Material for this exercise>
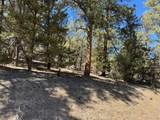 211 Bear Ln - Photo 5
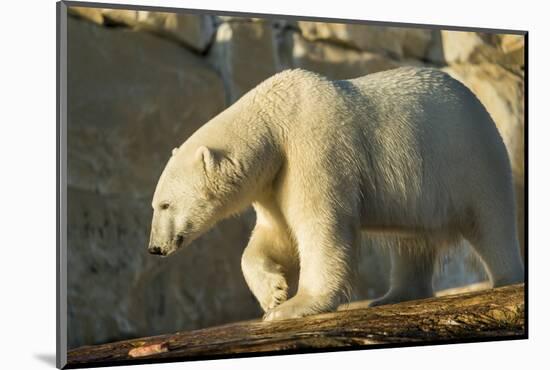 Polar Bear along Hudson Bay, Nunavut, Canada-Paul Souders-Mounted Photographic Print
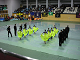 DSC08727_thumb.png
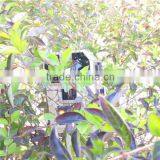 940NM Wide Lens 720P FCC CE ROHS Certificated Wildlife Game Trail Scouting Hunting Camera thumbnail-4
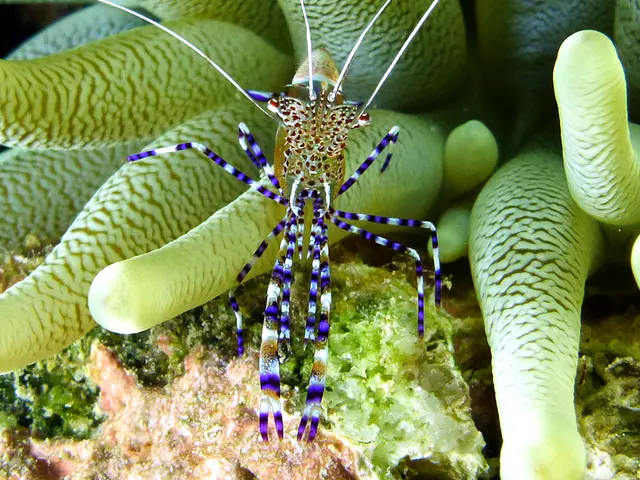 Underwater photograph by Joel Bergsma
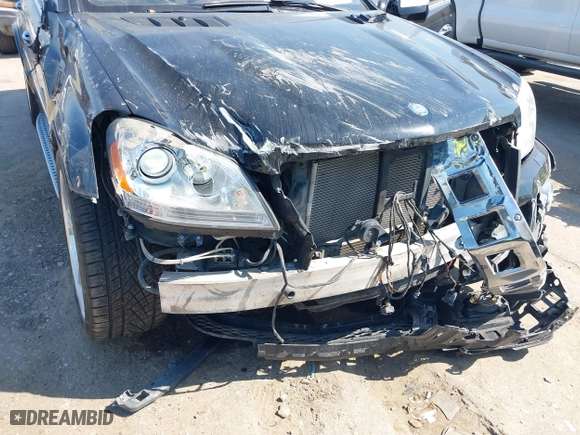 2009 Mercedes-Benz GL-Class 5.5L with VIN 4JGBF86E59A498918, listed as a IAAI auction lot 40603852 with 226,239 mi miles. Bid and sale history available at carsss.com. Image 6.
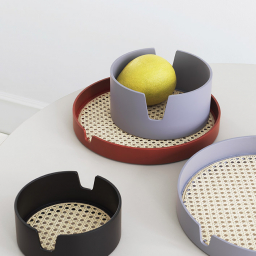Salon Tray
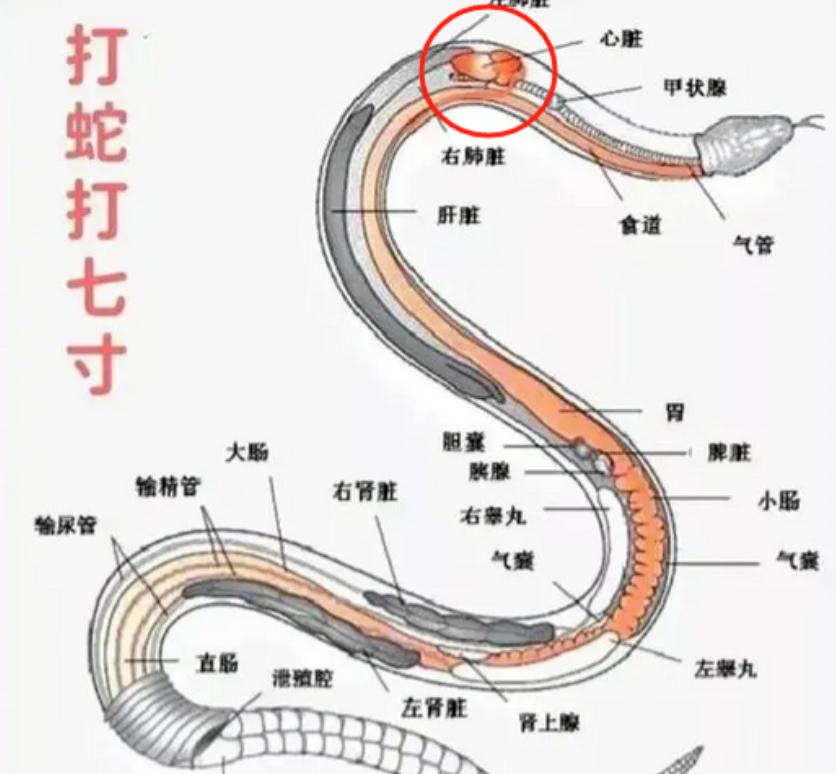 打蛇不打头！很多人都不懂，野外遇到蛇千万别打头，这有可能会让自己陷入陷阱，其实蛇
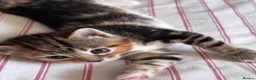 Mixed Breed cats for sale: 4 Beautiful Female Kittens Ready in August - Advert 35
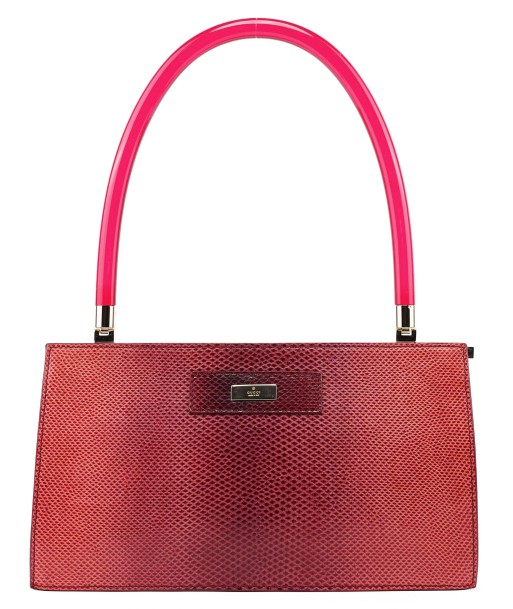 Red Karung Snakeskin Plastic Handle Bag de technologie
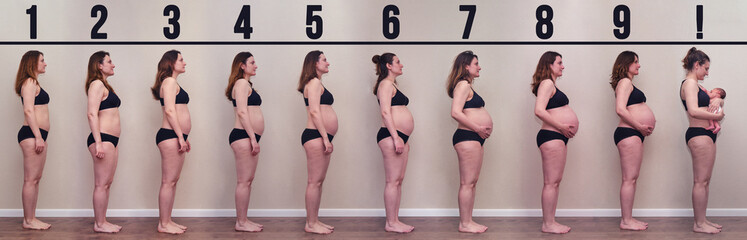 Collage pregnant woman beginning to end, nine months before and after giving birth with a baby in...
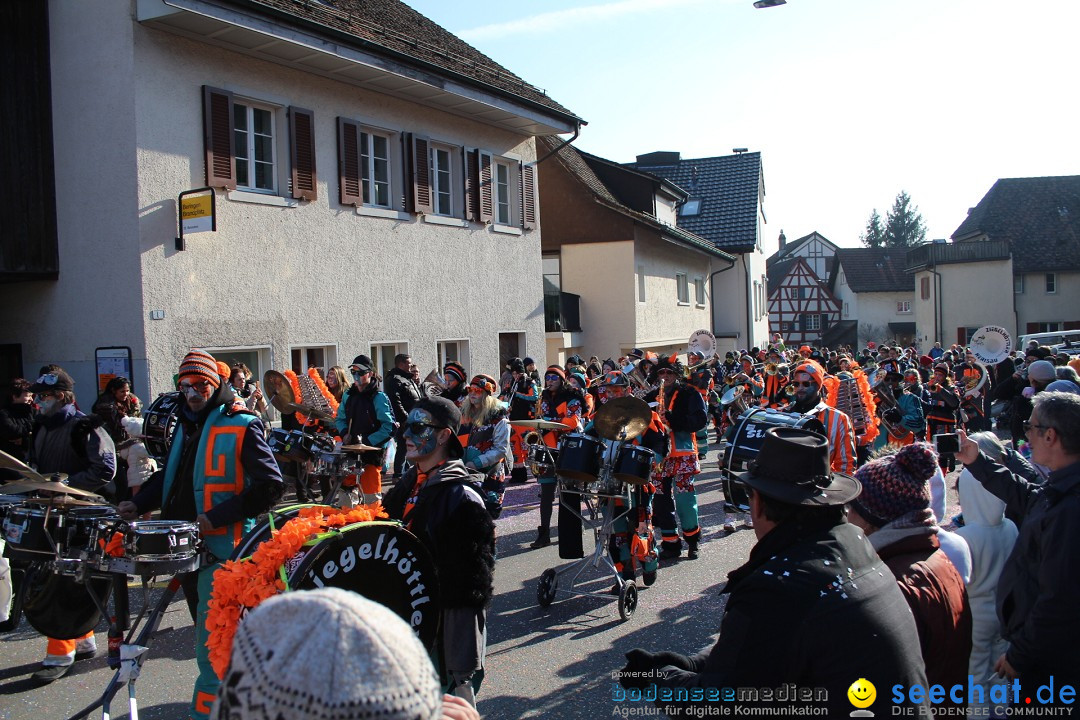 Fasnachtsumzug: Berlingen - Schweiz, 24.02.2018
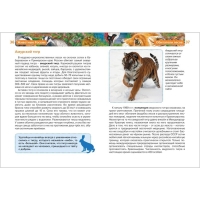 Детская энциклопедия &laquo;Животные России&raquo;
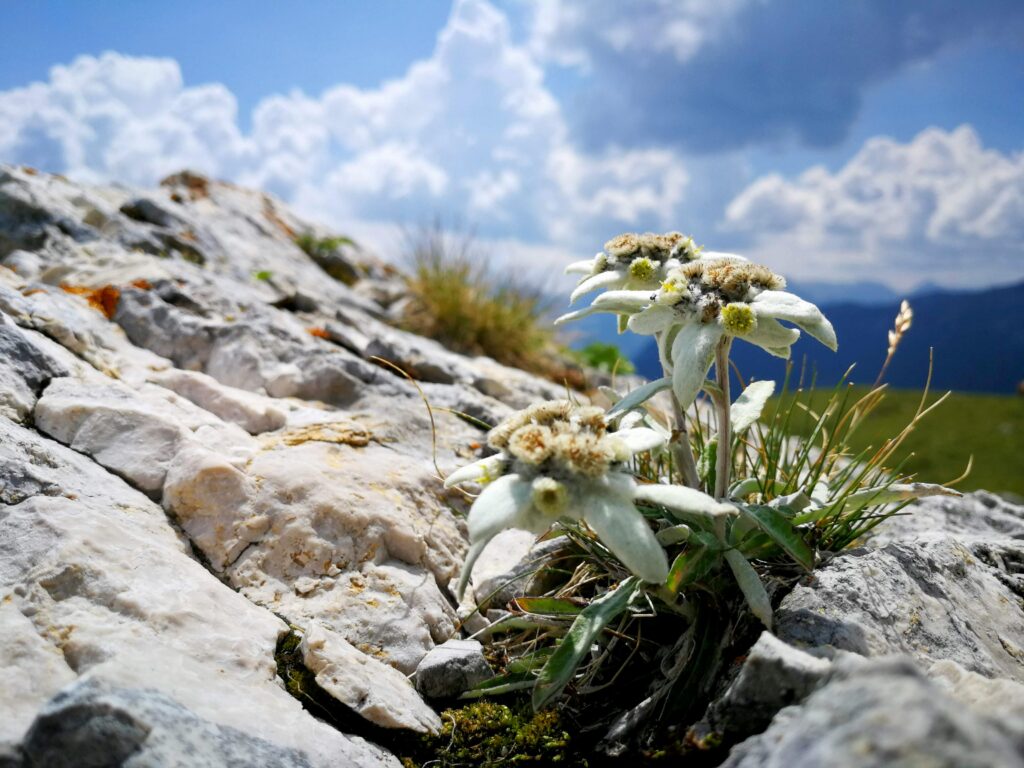 Flori alpine protejate pe Valea Prahovei, floarea de colt si bujorul de munte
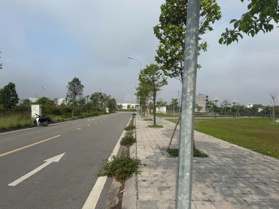 Dự án khu đô thị mới , cạnh Trường Cao Đẳng Việt Hàn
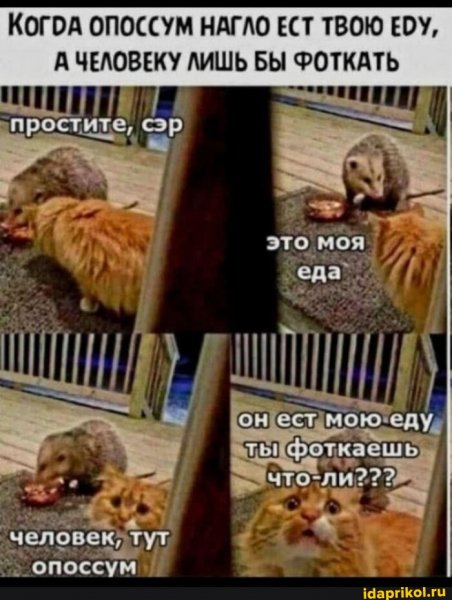 1ecc33691398a4ead061fd539327bef6655394624307cc 1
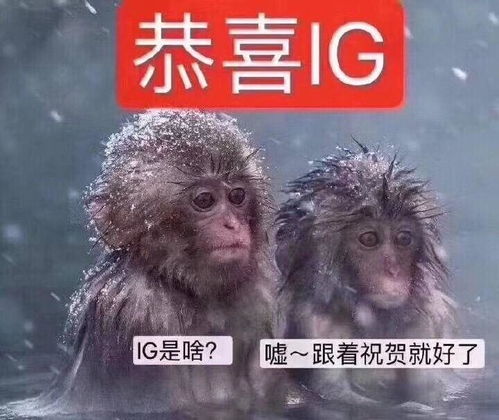  ig夺冠王思聪表情包今日份快乐源泉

Problem to work on> At the line containing "Collage pregnant woman", start reproducing exactly, and stop after the last line of the listing; include both ends, and leave the pictures out.

Response for this exercise>
 Collage pregnant woman beginning to end, nine months before and after giving birth with a baby in...
 Fasnachtsumzug: Berlingen - Schweiz, 24.02.2018
 Детская энциклопедия &laquo;Животные России&raquo;
 Flori alpine protejate pe Valea Prahovei, floarea de colt si bujorul de munte
 Dự án khu đô thị mới , cạnh Trường Cao Đẳng Việt Hàn
 1ecc33691398a4ead061fd539327bef6655394624307cc 1
  ig夺冠王思聪表情包今日份快乐源泉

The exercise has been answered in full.